An Adaptive Model for Calculating the Correlation Degree of Multiple Adjacent Signalized Intersections

1College of Transportation, Jilin University, Changchun 130022, China
2School of Transportation Science and Engineering, Harbin Institute of Technology, Harbin 150091, China

Received 5 July 2013; Revised 24 August 2013; Accepted 4 October 2013

Academic Editor: Wuhong Wang

Copyright © 2013 Linhong Wang and Yiming Bie. This is an open access article distributed under the Creative Commons Attribution License, which permits unrestricted use, distribution, and reproduction in any medium, provided the original work is properly cited.

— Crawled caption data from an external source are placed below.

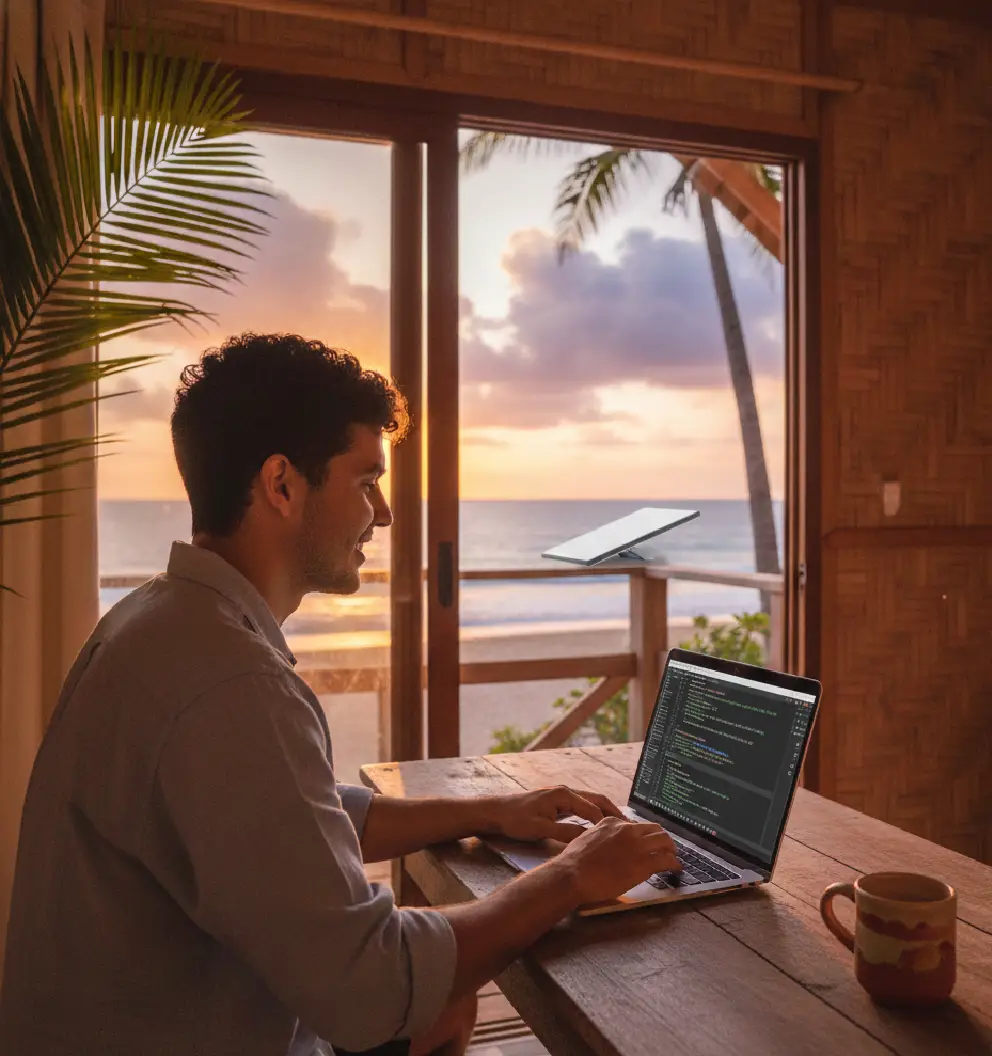 Digital nomad coding with Starlink internet in Puerto Escondido.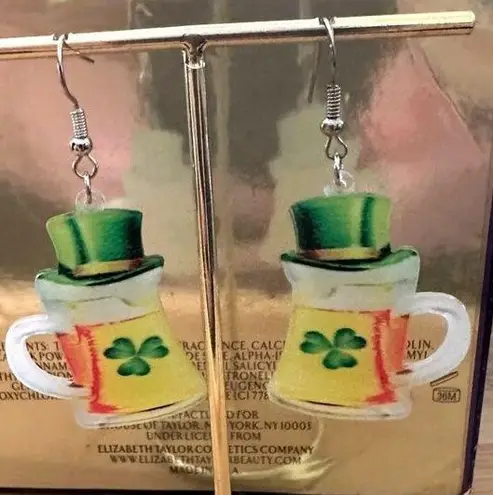 St Patricks Day Earrings Beer Shamrock Leprechaun Hat Dangle Hooks Parad… Green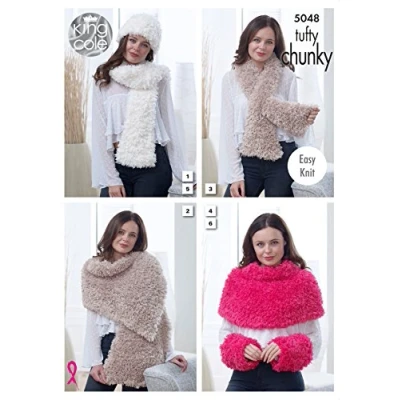 Image of King Cole Tufty Chunky Knitting Pattern Womens Easy Knit Scarf Wrap Cover Hat &amp; Wrist Warmers (5048)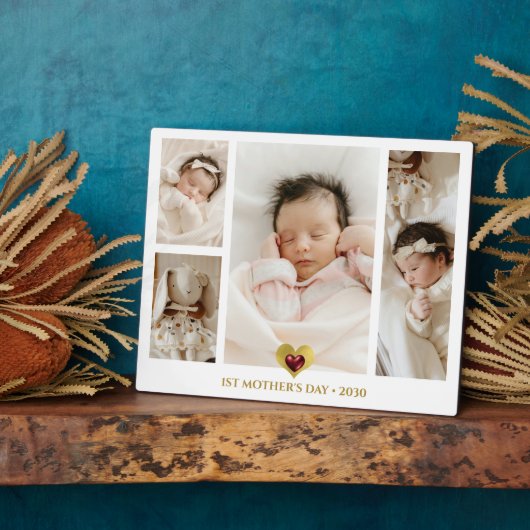 1e Moederdag Fotocollage Keepsake Fotoplaat (Zijkant)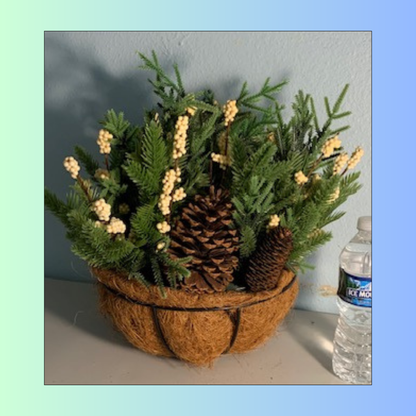 Lot 051: Faux Christmas Foliage Basket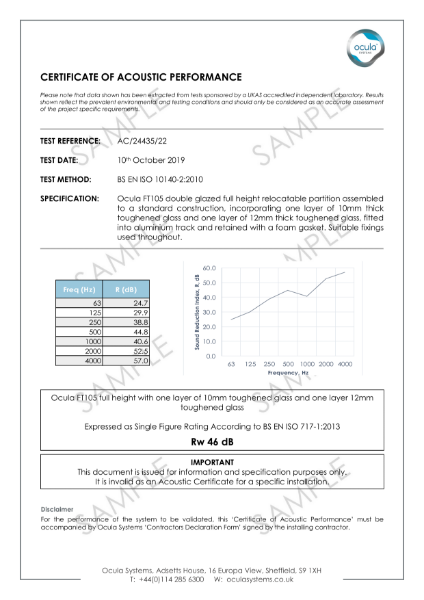 AC/24435/22 - Acoustic Performance - One Layer 10mm Toughened and One Layer of 12mm Toughened 46dB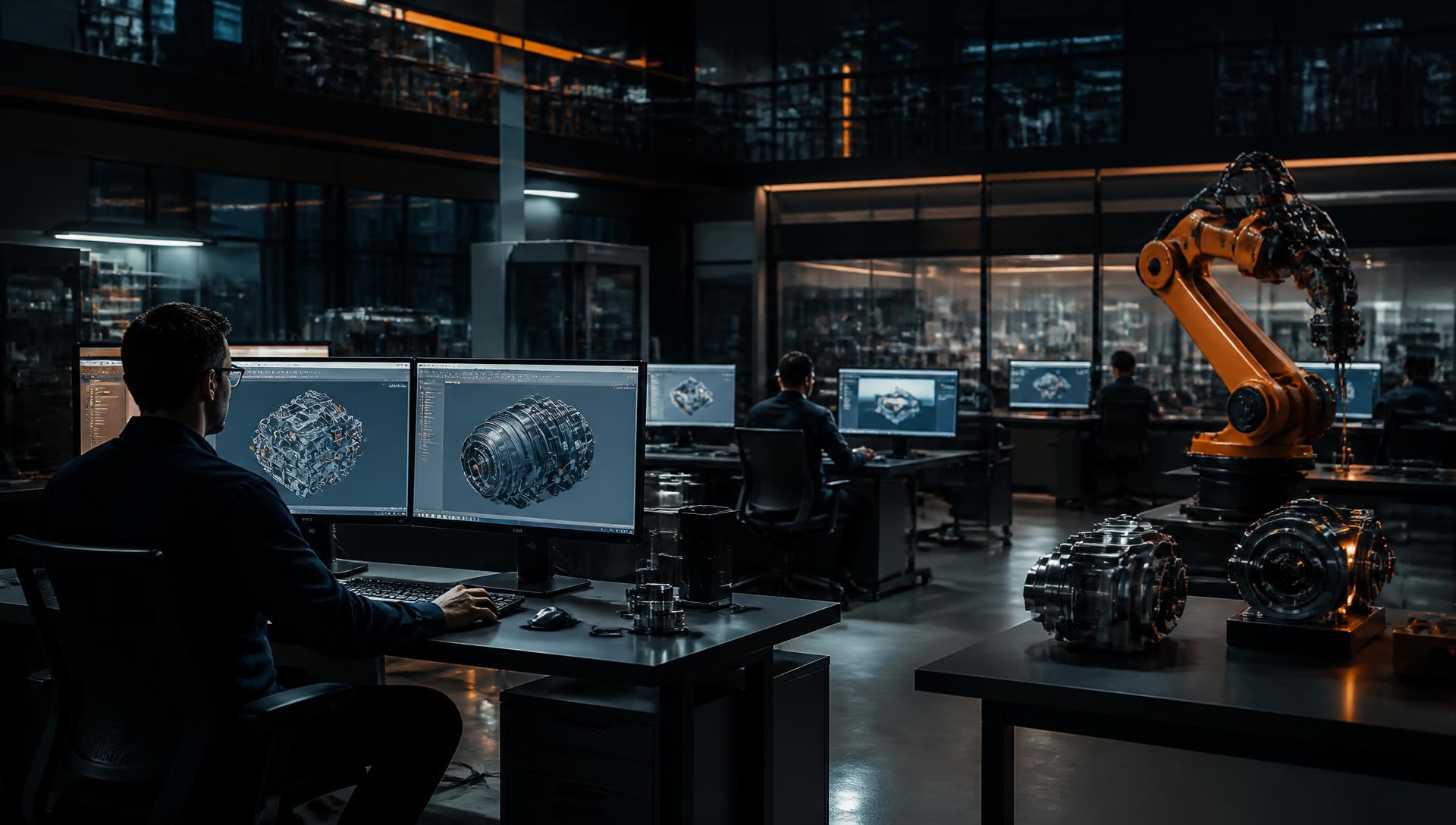 Engineers working at CAD workstations in a modern engineering design office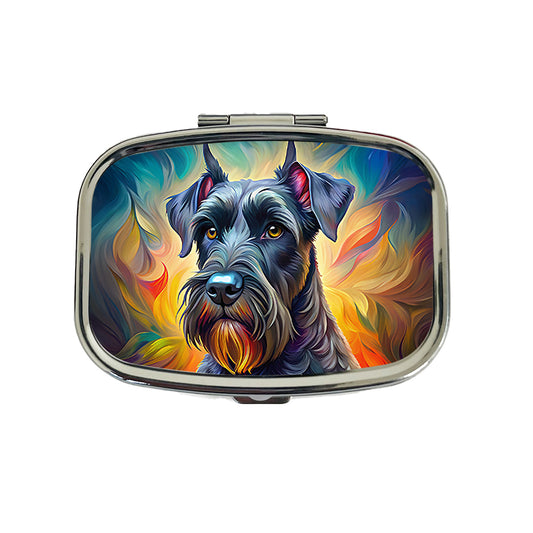 Giant Schnauzer Dog Pop Art Travel Pill Box Case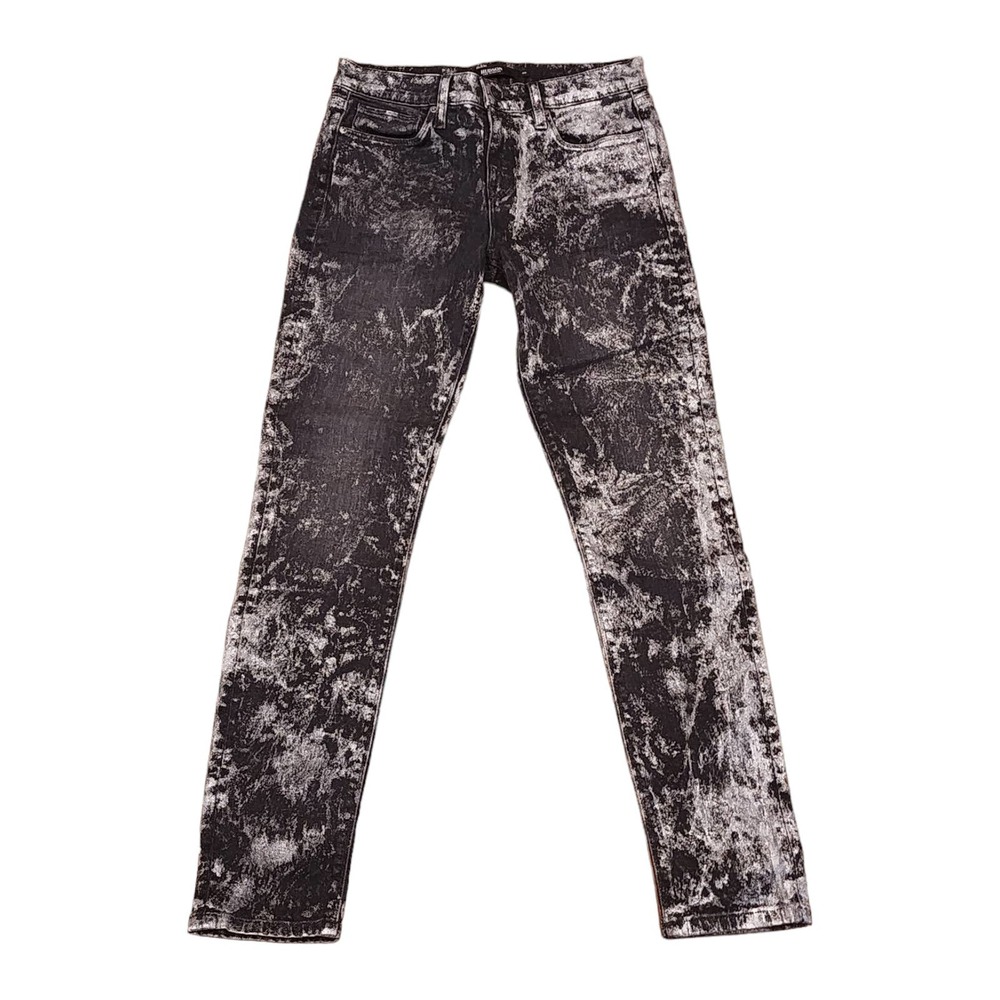 Hudson Black and Silver Nico Super Skinny Jeans Size 26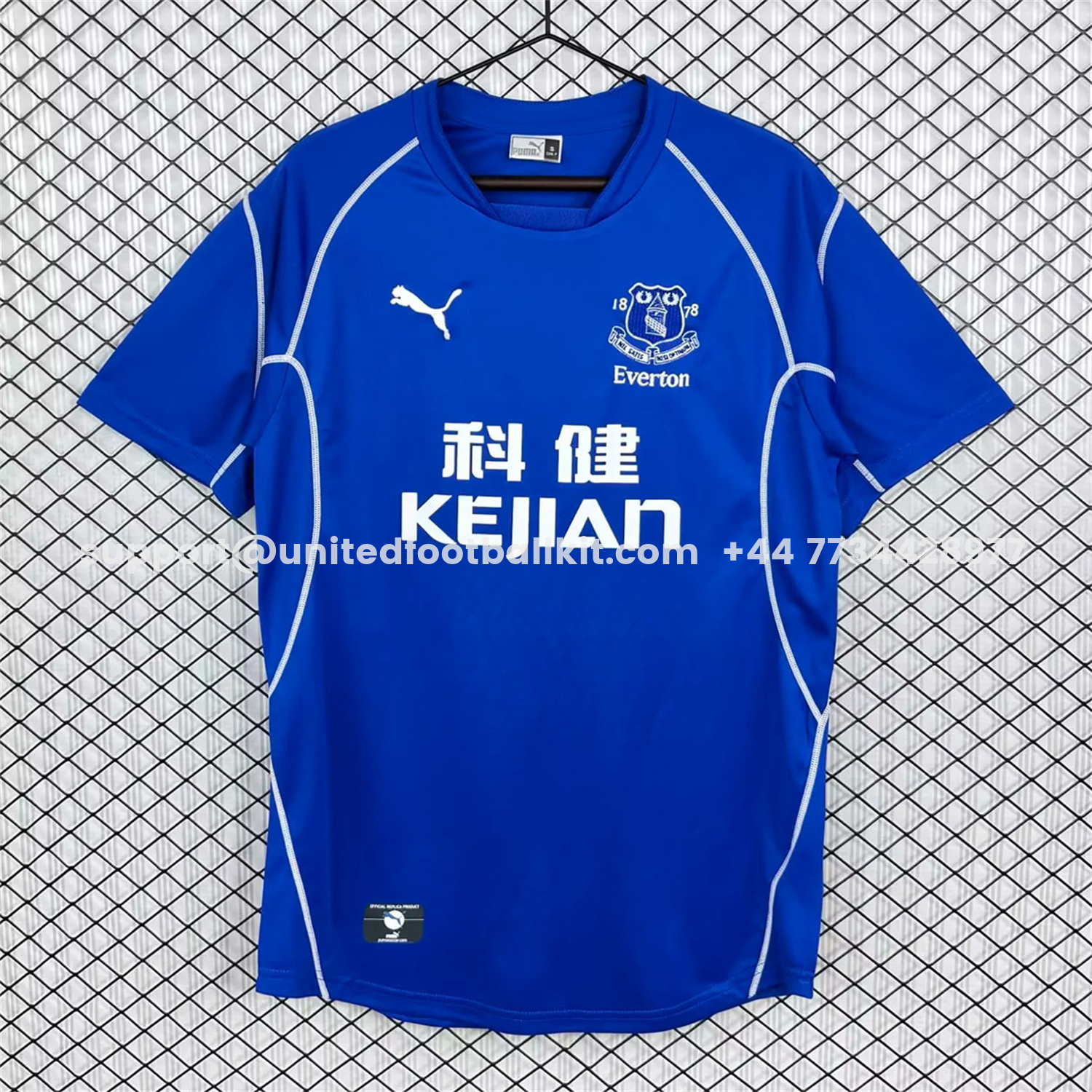 Unitedfootballkit.com | Retro Everton 2002-03 Home Jersey -Customize Name, Number and Patch | Worldwide Shipping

As an important component of the urban adaptive traffic control system, subarea partition algorithm divides the road network into some small subareas and then determines the optimal signal control mode for each signalized intersection. Correlation model is the core of subarea partition algorithm because it can quantify the correlation degree of adjacent signalized intersections and decides whether these intersections can be grouped into one subarea. In most cases, there are more than two intersections in one subarea. However, current researches only focus on the correlation model for two adjacent intersections. The objective of this study is to develop a model which can calculate the correlation degree of multiple intersections adaptively. The cycle lengths, link lengths, number of intersections, and path flow between upstream and downstream coordinated phases were selected as the contributing factors of the correlation model. Their jointly impacts on the performance of the coordinated control mode relative to the isolated control mode were further studied using numerical experiments. The paper then proposed a correlation index (CI) as an alternative to relative performance. The relationship between CI and the four contributing factors was established in order to predict the correlation, which determined whether adjacent intersections could be partitioned into one subarea. A value of 0 was set as the threshold of CI. If CI was larger than 0, multiple intersections could be partitioned into one subarea; otherwise, they should be separated. Finally, case studies were conducted in a real-life signalized network to evaluate the performance of the model. The results show that the CI simulates the relative performance well and could be a reliable index for subarea partition.